Die Ferienzeit ist sicherlich eine geeignete Zeit, um die Lebensbeschreibungen und Schriften einzelner heiliger Männer oder Frauen zur Hand zu nehmen, doch bietet uns letztlich jeder einzelne Tag des Jahres die Gelegenheit, mit unseren himmlischen Schutzpatronen vertraut zu werden. Ihre menschliche und geistliche Erfahrung zeigt, daß die Heiligkeit kein Luxus und kein Privileg für einige wenige ist, und auch kein Ziel, das ein normalsterblicher Mensch nicht erreichen könnte. In Wirklichkeit ist sie die gemeinsame Bestimmung aller Menschen, die dazu berufen sind, Kinder Gottes zu sein, das heißt die gemeinsame Bestimmung aller Getauften. Die Heiligkeit ist ein Angebot, das an alle gerichtet ist. Natürlich sind nicht alle Heiligen gleich, denn sie sind ja, wie ich bereits gesagt habe, das Spektrum des göttlichen Lichts. Und nicht notwendigerweise sind die großen Heiligen immer jene, die außergewöhnliche Charismen besitzen. Es gibt nämlich auch sehr viele, deren Namen Gott allein kennt, da sie auf Erden dem Anschein nach ein ganz normales Leben geführt haben. Und eben diese »normalen« Heiligen sind jene Heiligen, die Gott für gewöhnlich will. Ihr Vorbild bezeugt, daß man nur dann, wenn man mit dem Herrn in Verbindung bleibt, von seinem Frieden und seiner Freude erfüllt wird und dazu fähig wird, überall Ruhe, Hoffnung und Optimismus zu verbreiten. Gerade in Anbetracht der Verschiedenheit ihrer Charismen bemerkt Bernanos – ein großer französischer Schriftsteller, der immer von der Idee der Heiligen fasziniert war und viele von ihnen in seinen Romanen zitierte –, daß »jedes Heiligenleben wie eine neue Frühjahrsblüte ist«. Möge dies auch für uns so sein! Lassen wir uns von der übernatürlichen Faszination der Heiligkeit anziehen! Diese Gnade erwirke uns Maria, die Königin aller Heiligen, Mutter und Zuflucht der Sünder.

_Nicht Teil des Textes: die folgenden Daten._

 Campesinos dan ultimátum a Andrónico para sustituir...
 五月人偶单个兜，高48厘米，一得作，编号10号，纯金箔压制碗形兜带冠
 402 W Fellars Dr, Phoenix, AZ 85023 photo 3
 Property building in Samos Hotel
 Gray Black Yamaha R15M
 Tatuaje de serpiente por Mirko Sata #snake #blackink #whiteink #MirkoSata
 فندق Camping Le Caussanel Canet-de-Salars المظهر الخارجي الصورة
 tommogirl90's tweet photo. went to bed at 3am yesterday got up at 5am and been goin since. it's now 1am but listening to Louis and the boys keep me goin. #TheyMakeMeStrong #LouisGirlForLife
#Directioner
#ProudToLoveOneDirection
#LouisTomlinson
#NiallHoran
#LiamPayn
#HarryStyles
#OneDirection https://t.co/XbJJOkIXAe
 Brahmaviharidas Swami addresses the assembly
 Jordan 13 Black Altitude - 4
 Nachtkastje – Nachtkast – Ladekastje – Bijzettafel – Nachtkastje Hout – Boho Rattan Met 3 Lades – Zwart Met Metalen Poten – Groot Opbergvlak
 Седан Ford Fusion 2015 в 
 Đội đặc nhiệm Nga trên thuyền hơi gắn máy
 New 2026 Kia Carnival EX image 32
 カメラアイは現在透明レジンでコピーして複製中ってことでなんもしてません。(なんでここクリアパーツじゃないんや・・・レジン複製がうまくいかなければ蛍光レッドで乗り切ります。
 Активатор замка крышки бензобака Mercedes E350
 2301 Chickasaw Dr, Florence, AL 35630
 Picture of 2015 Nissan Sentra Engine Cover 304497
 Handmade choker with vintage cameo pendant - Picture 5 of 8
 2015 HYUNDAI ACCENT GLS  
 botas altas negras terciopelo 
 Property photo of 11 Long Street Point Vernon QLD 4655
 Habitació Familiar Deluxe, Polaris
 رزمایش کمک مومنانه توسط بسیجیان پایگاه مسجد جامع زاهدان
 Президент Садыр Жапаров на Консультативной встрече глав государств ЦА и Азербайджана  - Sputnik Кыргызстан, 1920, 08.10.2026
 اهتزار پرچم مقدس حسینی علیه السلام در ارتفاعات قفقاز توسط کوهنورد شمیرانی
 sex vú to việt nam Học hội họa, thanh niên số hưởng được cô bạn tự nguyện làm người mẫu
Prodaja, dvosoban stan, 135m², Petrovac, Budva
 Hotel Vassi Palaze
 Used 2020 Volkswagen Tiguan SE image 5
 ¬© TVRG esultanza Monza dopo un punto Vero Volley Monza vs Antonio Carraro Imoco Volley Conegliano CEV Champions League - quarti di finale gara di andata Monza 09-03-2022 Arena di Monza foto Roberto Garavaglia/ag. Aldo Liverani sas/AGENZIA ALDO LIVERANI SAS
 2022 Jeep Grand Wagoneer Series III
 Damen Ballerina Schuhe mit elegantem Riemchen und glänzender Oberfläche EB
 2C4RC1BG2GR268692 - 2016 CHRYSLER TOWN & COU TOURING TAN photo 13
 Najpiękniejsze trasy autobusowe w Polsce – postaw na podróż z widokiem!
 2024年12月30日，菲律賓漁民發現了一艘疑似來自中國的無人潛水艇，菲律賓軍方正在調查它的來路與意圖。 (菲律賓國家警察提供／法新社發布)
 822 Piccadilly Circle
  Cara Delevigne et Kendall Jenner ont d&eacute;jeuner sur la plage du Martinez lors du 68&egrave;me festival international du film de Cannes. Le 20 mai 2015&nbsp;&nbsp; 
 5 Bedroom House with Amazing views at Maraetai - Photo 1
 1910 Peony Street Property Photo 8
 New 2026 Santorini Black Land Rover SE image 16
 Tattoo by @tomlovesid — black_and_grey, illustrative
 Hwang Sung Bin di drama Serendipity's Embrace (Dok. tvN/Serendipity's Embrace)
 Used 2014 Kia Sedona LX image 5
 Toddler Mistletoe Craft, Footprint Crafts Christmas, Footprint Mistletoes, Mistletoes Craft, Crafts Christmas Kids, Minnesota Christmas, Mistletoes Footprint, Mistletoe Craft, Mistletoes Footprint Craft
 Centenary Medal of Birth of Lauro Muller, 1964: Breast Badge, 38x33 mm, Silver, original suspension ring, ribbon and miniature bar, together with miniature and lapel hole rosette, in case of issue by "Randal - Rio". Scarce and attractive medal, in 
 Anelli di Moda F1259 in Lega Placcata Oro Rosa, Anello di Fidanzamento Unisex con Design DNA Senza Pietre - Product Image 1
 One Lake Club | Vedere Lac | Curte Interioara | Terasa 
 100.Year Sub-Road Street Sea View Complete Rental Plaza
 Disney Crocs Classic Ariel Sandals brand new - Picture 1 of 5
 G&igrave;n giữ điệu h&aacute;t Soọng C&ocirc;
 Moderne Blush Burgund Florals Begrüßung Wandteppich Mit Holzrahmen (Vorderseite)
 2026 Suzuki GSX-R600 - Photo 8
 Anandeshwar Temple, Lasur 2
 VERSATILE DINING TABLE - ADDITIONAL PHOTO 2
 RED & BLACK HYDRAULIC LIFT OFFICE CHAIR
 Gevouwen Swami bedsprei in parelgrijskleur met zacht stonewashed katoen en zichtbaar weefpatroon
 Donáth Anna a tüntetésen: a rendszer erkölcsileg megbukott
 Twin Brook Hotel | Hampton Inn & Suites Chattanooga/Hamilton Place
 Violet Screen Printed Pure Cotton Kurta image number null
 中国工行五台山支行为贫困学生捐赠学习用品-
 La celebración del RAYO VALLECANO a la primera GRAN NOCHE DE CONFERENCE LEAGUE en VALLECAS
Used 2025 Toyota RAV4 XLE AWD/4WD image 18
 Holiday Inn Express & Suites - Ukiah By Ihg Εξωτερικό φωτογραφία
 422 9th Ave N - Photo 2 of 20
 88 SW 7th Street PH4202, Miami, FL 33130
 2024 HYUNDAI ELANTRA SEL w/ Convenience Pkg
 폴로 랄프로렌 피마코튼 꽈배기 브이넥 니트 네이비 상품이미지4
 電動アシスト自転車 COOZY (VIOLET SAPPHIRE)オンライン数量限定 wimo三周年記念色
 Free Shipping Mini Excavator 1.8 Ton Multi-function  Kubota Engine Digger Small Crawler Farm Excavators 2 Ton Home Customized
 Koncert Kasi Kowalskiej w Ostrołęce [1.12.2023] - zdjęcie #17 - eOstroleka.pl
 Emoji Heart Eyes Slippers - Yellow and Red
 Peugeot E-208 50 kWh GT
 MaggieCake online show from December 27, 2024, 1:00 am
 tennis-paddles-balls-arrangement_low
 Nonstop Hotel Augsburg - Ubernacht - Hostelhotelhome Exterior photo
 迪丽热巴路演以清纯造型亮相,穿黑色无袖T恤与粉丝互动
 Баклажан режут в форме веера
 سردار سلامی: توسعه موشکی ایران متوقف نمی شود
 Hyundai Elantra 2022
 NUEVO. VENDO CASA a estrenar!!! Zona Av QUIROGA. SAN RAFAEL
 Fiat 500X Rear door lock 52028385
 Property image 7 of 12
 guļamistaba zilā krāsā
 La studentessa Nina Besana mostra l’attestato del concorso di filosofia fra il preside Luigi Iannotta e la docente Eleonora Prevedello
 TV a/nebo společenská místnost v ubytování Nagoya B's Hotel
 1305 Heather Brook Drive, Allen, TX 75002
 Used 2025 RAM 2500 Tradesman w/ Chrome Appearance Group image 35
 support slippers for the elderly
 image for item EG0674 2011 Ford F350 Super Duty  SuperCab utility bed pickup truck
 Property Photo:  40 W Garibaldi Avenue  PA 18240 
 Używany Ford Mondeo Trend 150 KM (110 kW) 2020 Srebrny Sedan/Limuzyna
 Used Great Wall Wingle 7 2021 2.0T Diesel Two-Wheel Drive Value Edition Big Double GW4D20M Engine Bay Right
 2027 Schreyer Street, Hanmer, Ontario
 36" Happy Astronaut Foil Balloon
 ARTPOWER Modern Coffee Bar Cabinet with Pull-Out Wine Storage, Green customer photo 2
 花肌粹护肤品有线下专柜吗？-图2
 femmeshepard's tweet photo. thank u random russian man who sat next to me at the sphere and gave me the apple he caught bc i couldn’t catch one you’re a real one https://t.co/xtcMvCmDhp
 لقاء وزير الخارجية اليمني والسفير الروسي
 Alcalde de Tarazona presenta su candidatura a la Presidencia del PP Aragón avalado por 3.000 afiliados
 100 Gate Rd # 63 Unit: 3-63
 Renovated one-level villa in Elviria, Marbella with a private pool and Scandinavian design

Ein herzliches Willkommen hier in Castel Gandolfo sage ich euch, liebe Brüder und Schwestern aus dem deutschen Sprachraum. In der Taufe sind wir Kinder Gottes geworden. Als Getaufte sind wir zur Heiligkeit berufen: Die Liebe Gottes soll durch uns in die Welt ausstrahlen. Dabei helfen uns die Heiligen, die uns die Kirche Tag für Tag vor Augen stellt. Die Heiligen sind gelebtes Evangelium. Ihr Beispiel zeigt uns, wie auch wir heute die Frohbotschaft Christi konkret leben können. Vertraut auf die Hilfe der Heiligen. Sie sind uns Fürsprecher und Begleiter auf all unseren Wegen.